To cope with this we advise organizations to take three steps.
First, it is more valuable than ever to pay attention to global economics and politics. In calm times it makes sense for firms to focus on markets, following the old saying that “the business of business is business.” But in turbulent times there is value in following current events to avoid being caught by surprise by global shocks. Indeed, for larger firms there can even be value in trying to steer the political process through engagement and lobbying. Invest in the people and tools to track geopolitics more closely, with special focus on the issues and regions that most affect your business.
Second, greater uncertainty makes flexibility more valuable. Therefore, be willing to spend more to keep your options open. This involves anything from signing shorter leases, leasing rather than buying property, hiring contractors rather than permanent staff, and renting rather than buying equipment. Pay more to avoid long-term commitments as these make it hard to nimble in the face of major shocks.
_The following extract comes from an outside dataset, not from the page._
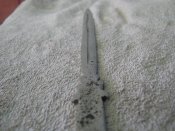 DSCN0401.JPG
Finally, use contingency planning. When major shocks happen – like the war in Ukraine – there is huge value to making rapid decisions. Firms which have contingency plans in place can act faster and reduce the risk of mistakes. You don’t have to perfectly predict the specifics of the next shock to do this: Companies can model more generic scenarios, like a steep decline in consumer demand, the failure of a key supplier, or an increase in the cost of doing business in a specific country. Making contingency plans is like paying for insurance: You hope to never have to use them, but if you do, they can be invaluable. With greater global volatility this is likely to happen more than ever, so the value of contingency plans has never been higher.